• THE TASK
The copy must run from the first line of the entries below through the line containing "Pet clothes cat", restated word for word, with pictures left out.

• INFORMATION SUPPLIED
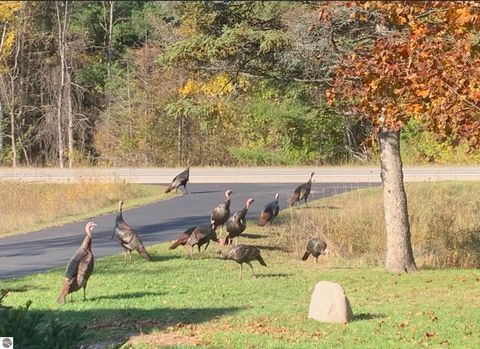 Tiny photo for 254 US-31 N, Kewadin, MI 49648 (MLS # 1940384)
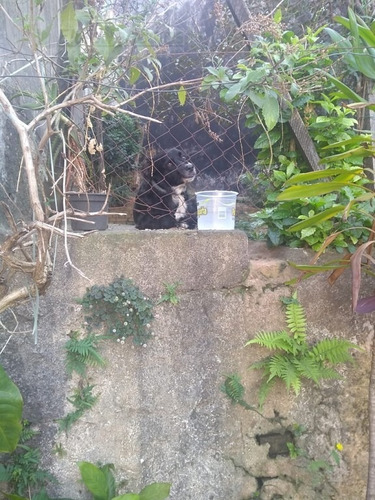 Imagem 24 de 29 de Terreno Para Venda, 0.0 M2, Piqueri - São Paulo - 2628
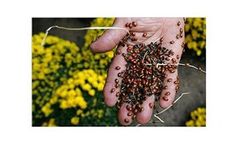 Ozone generators for pest control application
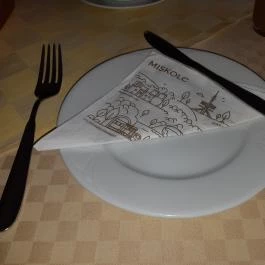 Diósgyőri Várkert Panzió, Miskolc - Vendéglátás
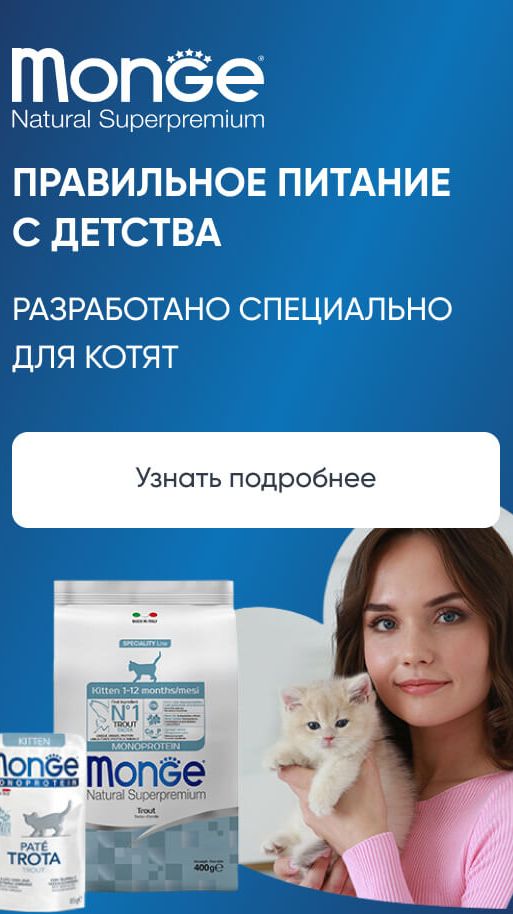 Monge для котят: правильное питание с детства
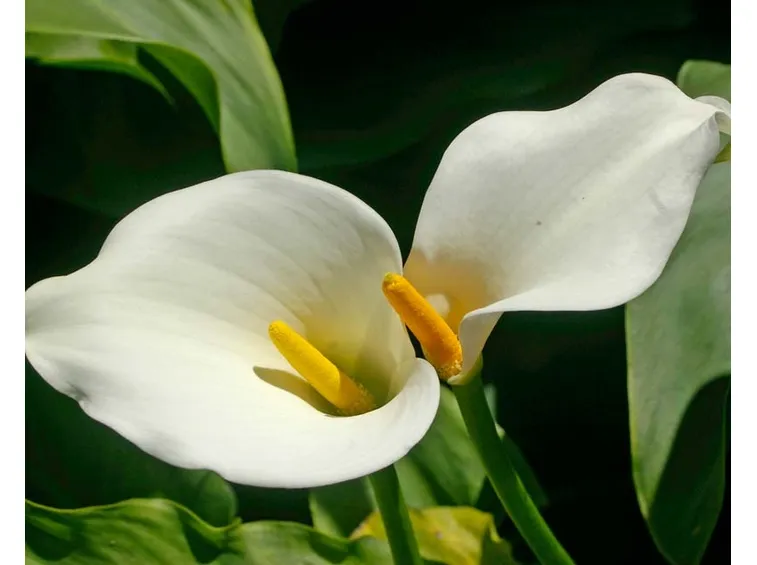 Calla  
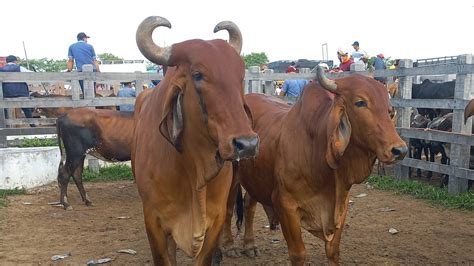 Feira De Gado Em Dois Riachos AL 24 04 2024 Nordeste YouTube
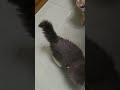 【公主】【貓】【Cat】#kitten #Cats #QQcats #猫咪 #貓 230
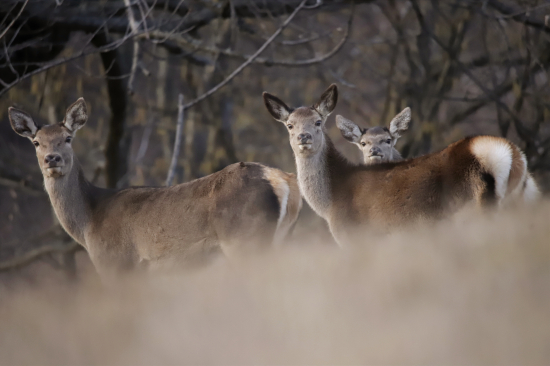 Jelenička a jej potomstvo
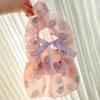 Pet clothes cat dog Maltese Pomeranian small dog princess style skirt cute puppet
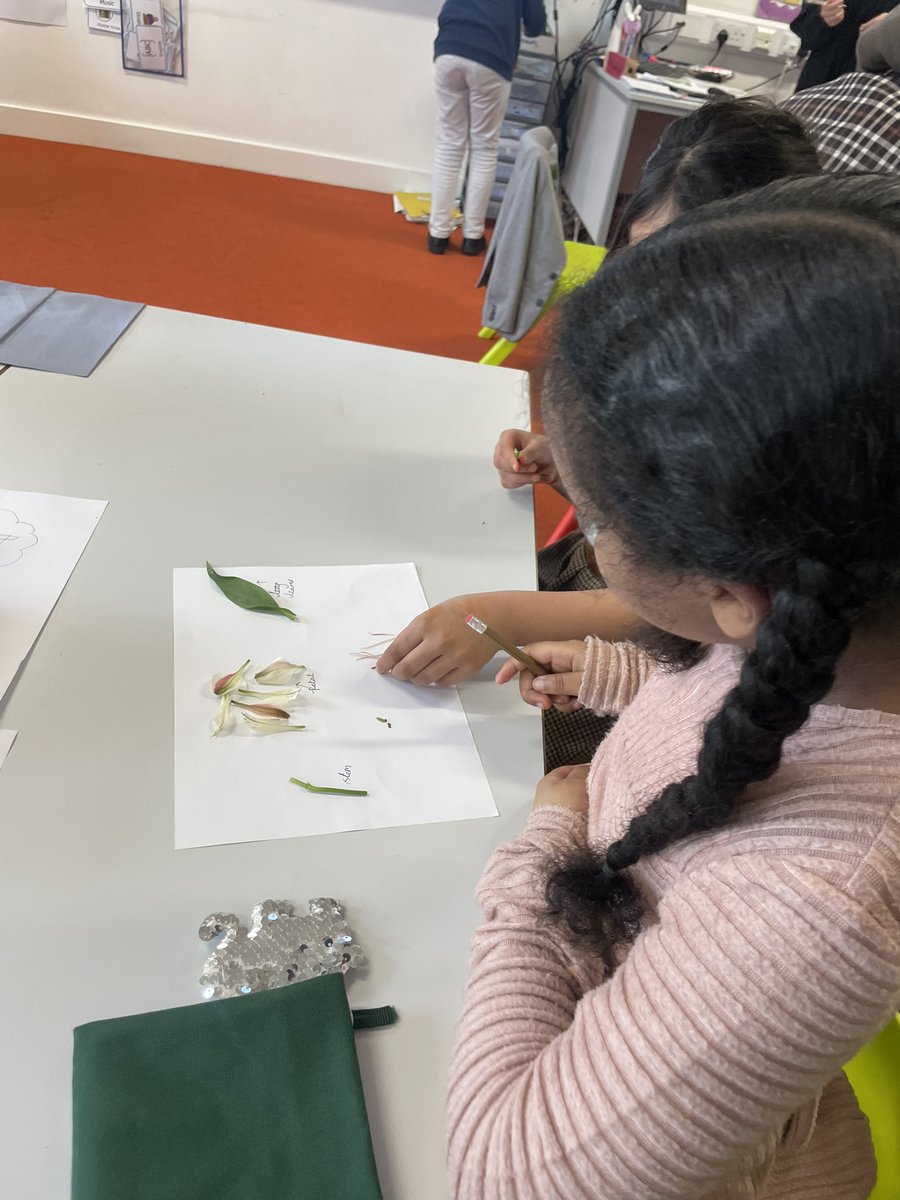 MissMackenzie20's tweet photo. Today in Science we have been learning all about the different parts of a flower! We had a go at dissecting a flower &amp; discussing why each part is important! 🌸🪴 #independence @DixonsMP https://t.co/6czTikcH30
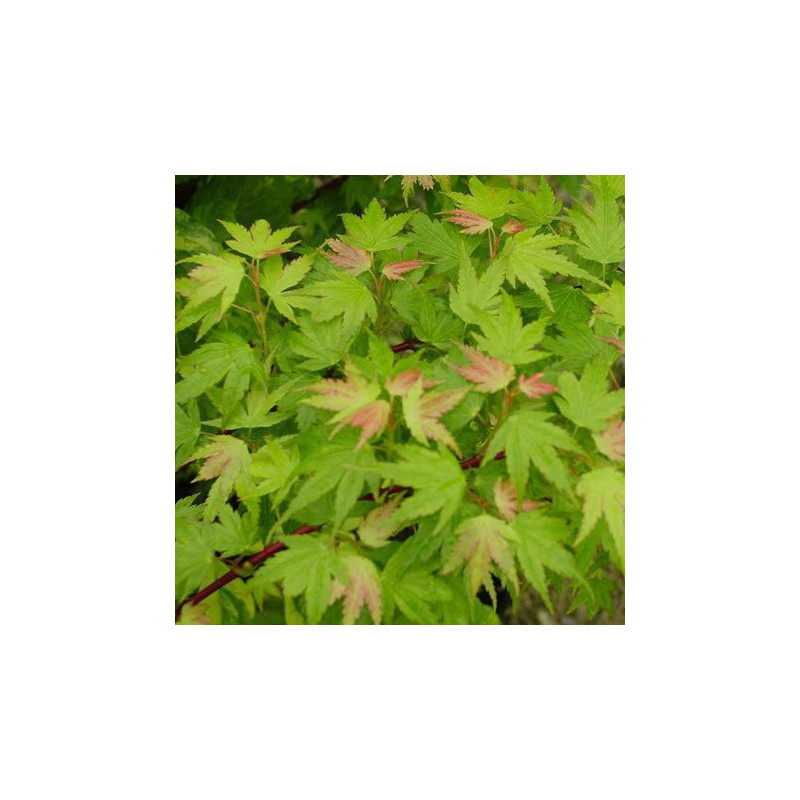 Acer palmatum 'Coonara pygmy' feuilles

• TASK RESPONSE
 Tiny photo for 254 US-31 N, Kewadin, MI 49648 (MLS # 1940384)
 Imagem 24 de 29 de Terreno Para Venda, 0.0 M2, Piqueri - São Paulo - 2628
 Ozone generators for pest control application
 Diósgyőri Várkert Panzió, Miskolc - Vendéglátás
 Monge для котят: правильное питание с детства
 Calla  
 Feira De Gado Em Dois Riachos AL 24 04 2024 Nordeste YouTube
 【公主】【貓】【Cat】#kitten #Cats #QQcats #猫咪 #貓 230
 Jelenička a jej potomstvo
 Pet clothes cat dog Maltese Pomeranian small dog princess style skirt cute puppet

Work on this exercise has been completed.